SharpDX was made possible by a custom tool called SharpGen which generates the .NET API automatically from the DirectX SDK.

The puzzle is why Microsoft did not make more effort to support XNA in Windows 8, or failing that to provide an alternative for .NET developers.

If you want to use SharpDX, be prepared for considerable effort learning the API, as there is little documentation so far. Still, it will likely be easier than learning C++, which is the official solution for DirectX on the Windows Runtime.

3 thoughts on “SharpDX: Managed DirectX for Metro from the community”

  1. I would circumvent SharpDX and leverage Unity3D instead. It provides a higher level of abstraction than just executing shader pipelines against meshes – it supports C#, and encapsulates a game engine, a physics engine, a terrain editor, a particle emmiter etc, in a unified and extensible UI.
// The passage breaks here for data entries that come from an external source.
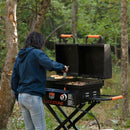 17" On the Go Griddle & Grill Combo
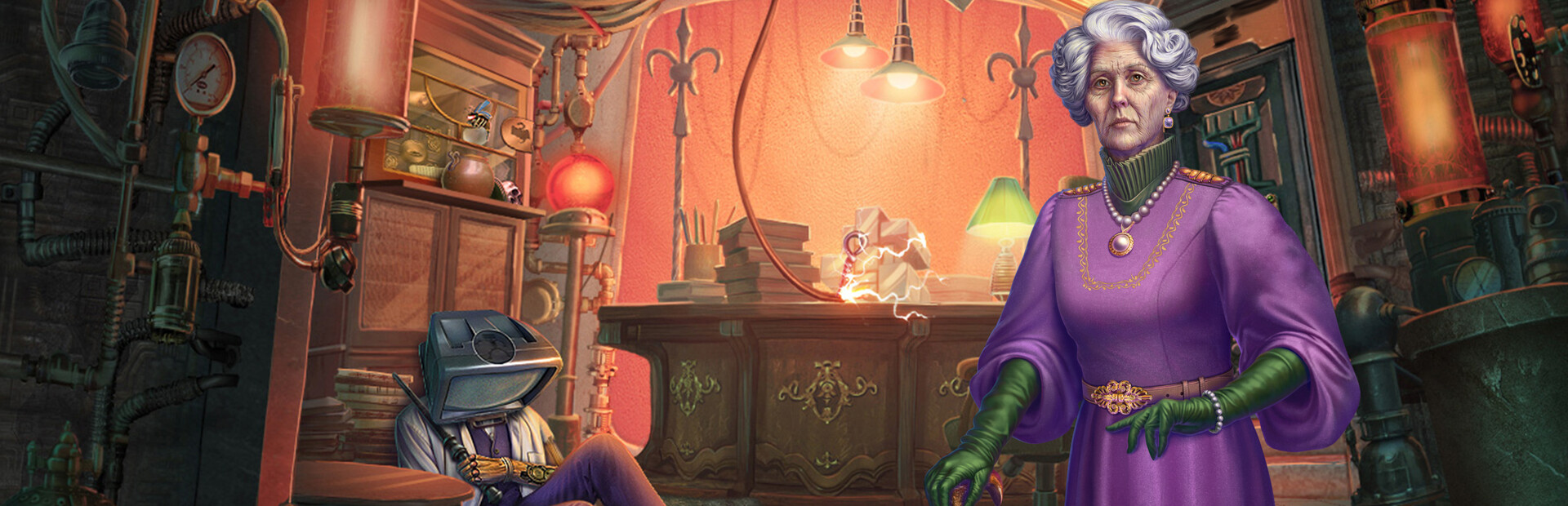 Mystery Case Files: The Riddle of Mrs. Bishop Collector's Edition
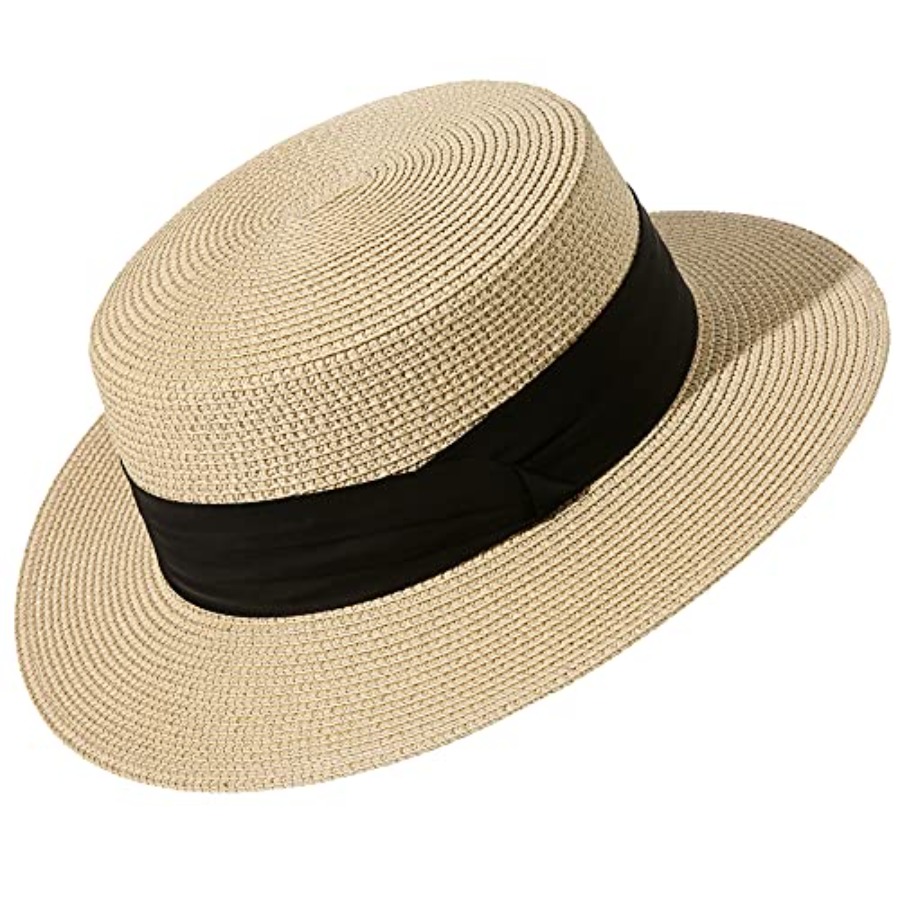 Lanzom Sun Hats for Women Wide - Packable Hat Nylon avaliação e preço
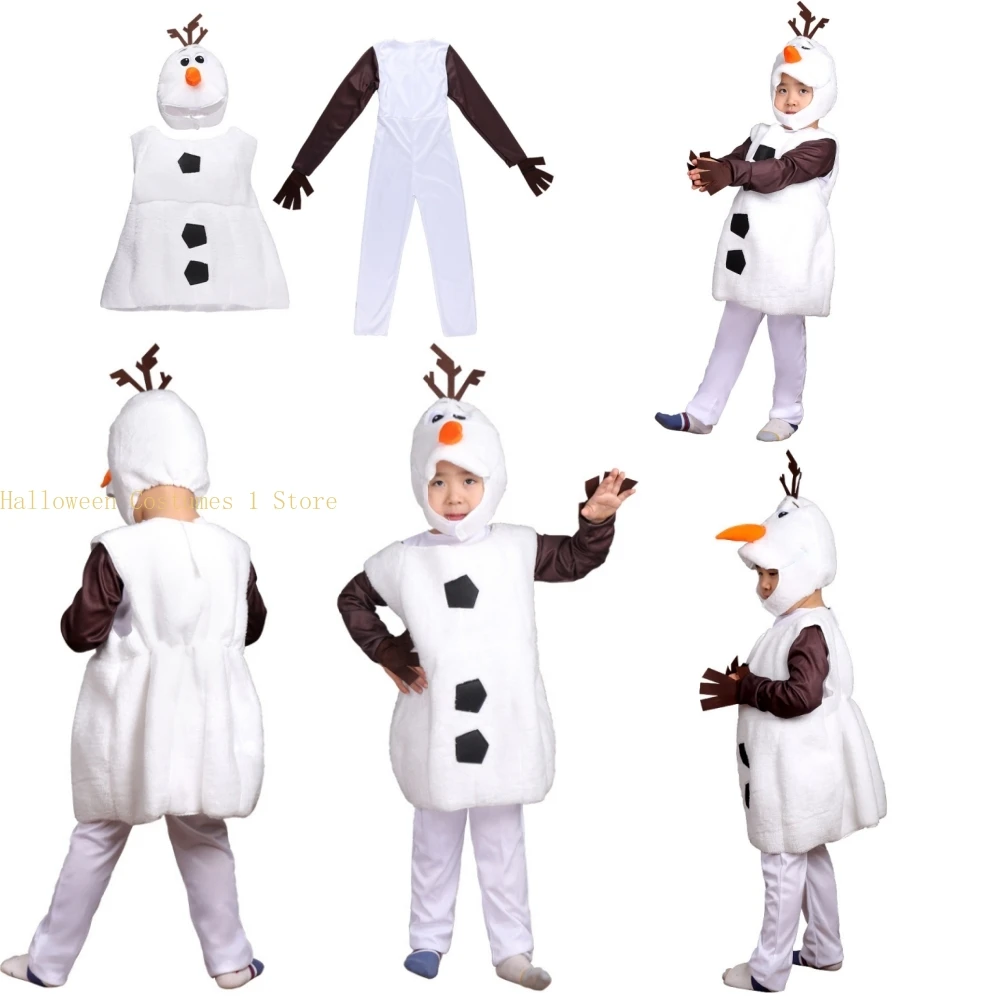 Costume Enfant Olaf La Reine des Neiges - Fête & Carnaval
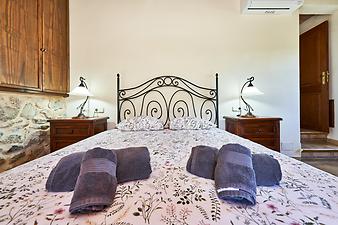 Finca Es Tarongers: Schlafzimmer 1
  2. @Josh Reuben, your general statement “I would circumvent SharpDX and leverage Unity3D instead” is absolutely misleading. Unity3D is a commercial engine (with several 1000$ for Unity Pro with all extensions per Developer seat), with multiplatform support…etc. SharpDX is *just* a managed DirectX wrapper. Lots of student/indie/company are using DirectX not to only to make advanced games, but to do multimedia applications or just to learn how to build an engine. There are dozens of simple situations where we want to use DirectX in a C# Windows 8 Metro application, without having to use or buy a commercial engine.